Stored items from a collection
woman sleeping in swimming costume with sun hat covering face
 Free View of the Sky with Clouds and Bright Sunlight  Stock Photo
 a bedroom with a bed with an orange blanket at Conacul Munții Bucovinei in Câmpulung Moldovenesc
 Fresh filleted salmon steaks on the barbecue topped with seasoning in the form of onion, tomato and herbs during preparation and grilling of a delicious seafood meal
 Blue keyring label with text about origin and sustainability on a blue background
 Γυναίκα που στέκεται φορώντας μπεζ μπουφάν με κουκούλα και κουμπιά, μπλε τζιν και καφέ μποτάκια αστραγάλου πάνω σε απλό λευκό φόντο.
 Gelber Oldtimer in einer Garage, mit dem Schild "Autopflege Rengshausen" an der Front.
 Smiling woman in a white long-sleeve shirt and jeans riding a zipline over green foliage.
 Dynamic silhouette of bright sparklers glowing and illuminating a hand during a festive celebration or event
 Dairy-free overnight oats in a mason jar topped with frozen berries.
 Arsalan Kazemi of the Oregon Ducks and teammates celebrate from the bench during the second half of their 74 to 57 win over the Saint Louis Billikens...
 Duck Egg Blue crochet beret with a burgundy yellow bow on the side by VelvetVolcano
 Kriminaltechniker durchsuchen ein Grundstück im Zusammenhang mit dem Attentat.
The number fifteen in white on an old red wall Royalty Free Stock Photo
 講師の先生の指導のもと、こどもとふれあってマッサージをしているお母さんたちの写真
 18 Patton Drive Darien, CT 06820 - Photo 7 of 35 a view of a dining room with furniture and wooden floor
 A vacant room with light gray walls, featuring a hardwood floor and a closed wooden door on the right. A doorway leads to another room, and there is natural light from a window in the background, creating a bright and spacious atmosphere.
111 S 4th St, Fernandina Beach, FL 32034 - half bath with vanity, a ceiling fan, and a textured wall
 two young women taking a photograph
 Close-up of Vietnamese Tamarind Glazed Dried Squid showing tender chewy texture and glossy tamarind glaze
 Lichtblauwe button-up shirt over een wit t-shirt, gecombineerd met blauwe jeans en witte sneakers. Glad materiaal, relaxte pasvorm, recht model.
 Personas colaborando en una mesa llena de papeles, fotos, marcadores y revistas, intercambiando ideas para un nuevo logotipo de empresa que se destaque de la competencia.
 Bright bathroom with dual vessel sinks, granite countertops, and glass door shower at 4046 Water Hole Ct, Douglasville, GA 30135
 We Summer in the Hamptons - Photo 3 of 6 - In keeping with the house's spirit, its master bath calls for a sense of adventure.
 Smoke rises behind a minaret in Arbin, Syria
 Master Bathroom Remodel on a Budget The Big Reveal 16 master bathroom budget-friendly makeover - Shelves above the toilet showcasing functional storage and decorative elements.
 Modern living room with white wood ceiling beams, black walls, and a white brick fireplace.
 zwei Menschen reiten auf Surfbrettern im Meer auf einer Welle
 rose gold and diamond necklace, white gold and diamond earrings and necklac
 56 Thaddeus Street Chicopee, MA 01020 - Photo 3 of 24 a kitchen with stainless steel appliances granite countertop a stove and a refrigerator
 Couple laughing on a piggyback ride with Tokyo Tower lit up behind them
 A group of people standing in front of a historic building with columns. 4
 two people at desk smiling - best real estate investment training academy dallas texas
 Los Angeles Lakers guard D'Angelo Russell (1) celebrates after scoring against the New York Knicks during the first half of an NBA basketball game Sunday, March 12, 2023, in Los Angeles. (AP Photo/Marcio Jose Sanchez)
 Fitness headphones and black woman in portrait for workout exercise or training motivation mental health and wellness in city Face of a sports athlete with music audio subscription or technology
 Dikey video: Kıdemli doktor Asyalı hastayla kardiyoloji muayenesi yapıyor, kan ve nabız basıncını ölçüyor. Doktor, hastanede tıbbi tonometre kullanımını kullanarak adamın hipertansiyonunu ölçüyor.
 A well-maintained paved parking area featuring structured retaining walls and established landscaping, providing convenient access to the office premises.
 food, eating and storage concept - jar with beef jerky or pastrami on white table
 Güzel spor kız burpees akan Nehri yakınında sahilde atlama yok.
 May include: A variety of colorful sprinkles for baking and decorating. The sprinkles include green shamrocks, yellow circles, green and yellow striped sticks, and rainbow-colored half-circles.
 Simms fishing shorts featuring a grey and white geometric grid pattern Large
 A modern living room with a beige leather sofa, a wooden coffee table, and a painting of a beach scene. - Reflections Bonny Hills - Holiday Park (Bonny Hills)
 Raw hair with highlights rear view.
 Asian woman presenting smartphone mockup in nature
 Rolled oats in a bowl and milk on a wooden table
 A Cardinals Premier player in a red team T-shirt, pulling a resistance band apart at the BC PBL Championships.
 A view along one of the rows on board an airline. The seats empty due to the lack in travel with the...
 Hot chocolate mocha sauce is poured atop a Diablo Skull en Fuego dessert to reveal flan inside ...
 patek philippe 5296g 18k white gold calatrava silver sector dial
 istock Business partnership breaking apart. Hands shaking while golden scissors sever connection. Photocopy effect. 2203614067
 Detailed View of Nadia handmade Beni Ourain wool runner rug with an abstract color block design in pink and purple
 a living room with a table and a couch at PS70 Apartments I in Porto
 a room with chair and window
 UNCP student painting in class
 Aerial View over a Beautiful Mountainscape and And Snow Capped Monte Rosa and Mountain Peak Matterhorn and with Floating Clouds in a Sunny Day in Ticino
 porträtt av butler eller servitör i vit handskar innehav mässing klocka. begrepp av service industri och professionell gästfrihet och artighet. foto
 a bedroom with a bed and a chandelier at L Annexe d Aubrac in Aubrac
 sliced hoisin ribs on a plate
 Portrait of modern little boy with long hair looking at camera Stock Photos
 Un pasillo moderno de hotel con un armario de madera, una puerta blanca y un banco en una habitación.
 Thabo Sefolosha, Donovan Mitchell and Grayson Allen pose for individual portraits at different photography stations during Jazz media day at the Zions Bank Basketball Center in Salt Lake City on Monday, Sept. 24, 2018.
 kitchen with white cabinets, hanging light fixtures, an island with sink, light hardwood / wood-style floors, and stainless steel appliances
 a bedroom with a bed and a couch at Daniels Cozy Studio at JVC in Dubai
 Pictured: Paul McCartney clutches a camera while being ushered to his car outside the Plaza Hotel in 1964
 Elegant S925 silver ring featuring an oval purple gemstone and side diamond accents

▸ Problem statement
Find the word "kitchen" in the entries, and copy every line it shows up in.

▸ Written response
 56 Thaddeus Street Chicopee, MA 01020 - Photo 3 of 24 a kitchen with stainless steel appliances granite countertop a stove and a refrigerator
 kitchen with white cabinets, hanging light fixtures, an island with sink, light hardwood / wood-style floors, and stainless steel appliances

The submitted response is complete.